== Task item ==
Copy the listing exactly, leaving out every picture.

== Material provided ==

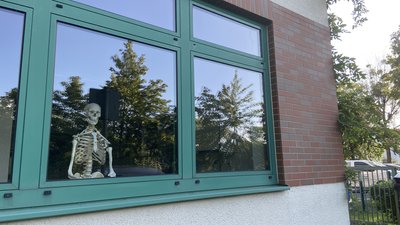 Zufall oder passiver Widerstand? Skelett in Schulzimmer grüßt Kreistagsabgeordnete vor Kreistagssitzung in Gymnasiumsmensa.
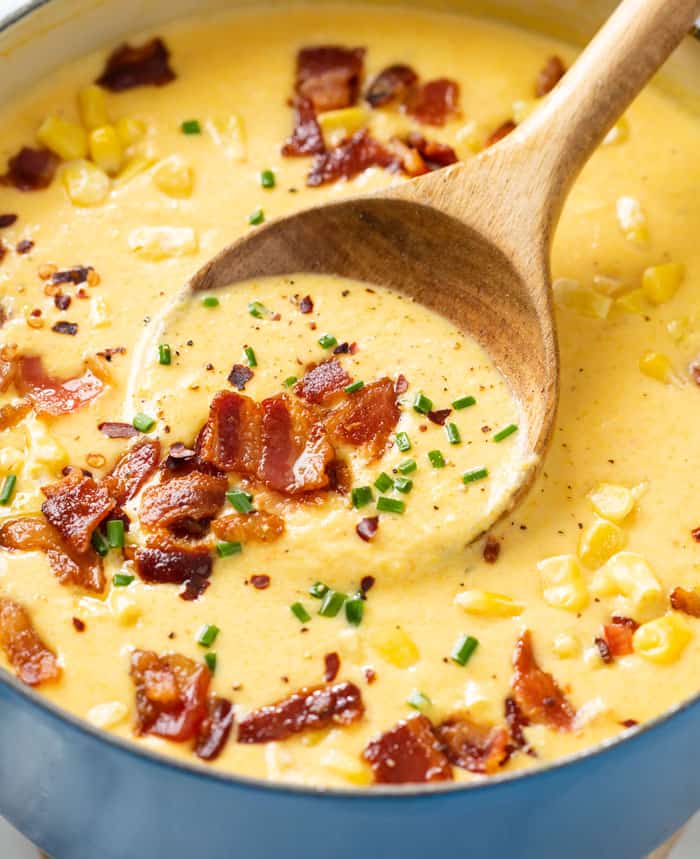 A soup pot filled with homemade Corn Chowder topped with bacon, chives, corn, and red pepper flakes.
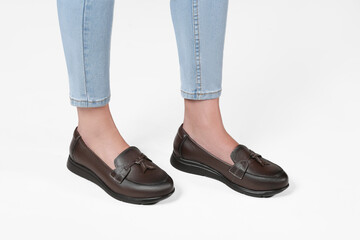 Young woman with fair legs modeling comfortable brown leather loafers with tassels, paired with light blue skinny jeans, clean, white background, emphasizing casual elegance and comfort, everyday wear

== Task result ==
 Zufall oder passiver Widerstand? Skelett in Schulzimmer grüßt Kreistagsabgeordnete vor Kreistagssitzung in Gymnasiumsmensa.
 A soup pot filled with homemade Corn Chowder topped with bacon, chives, corn, and red pepper flakes.
 Young woman with fair legs modeling comfortable brown leather loafers with tassels, paired with light blue skinny jeans, clean, white background, emphasizing casual elegance and comfort, everyday wear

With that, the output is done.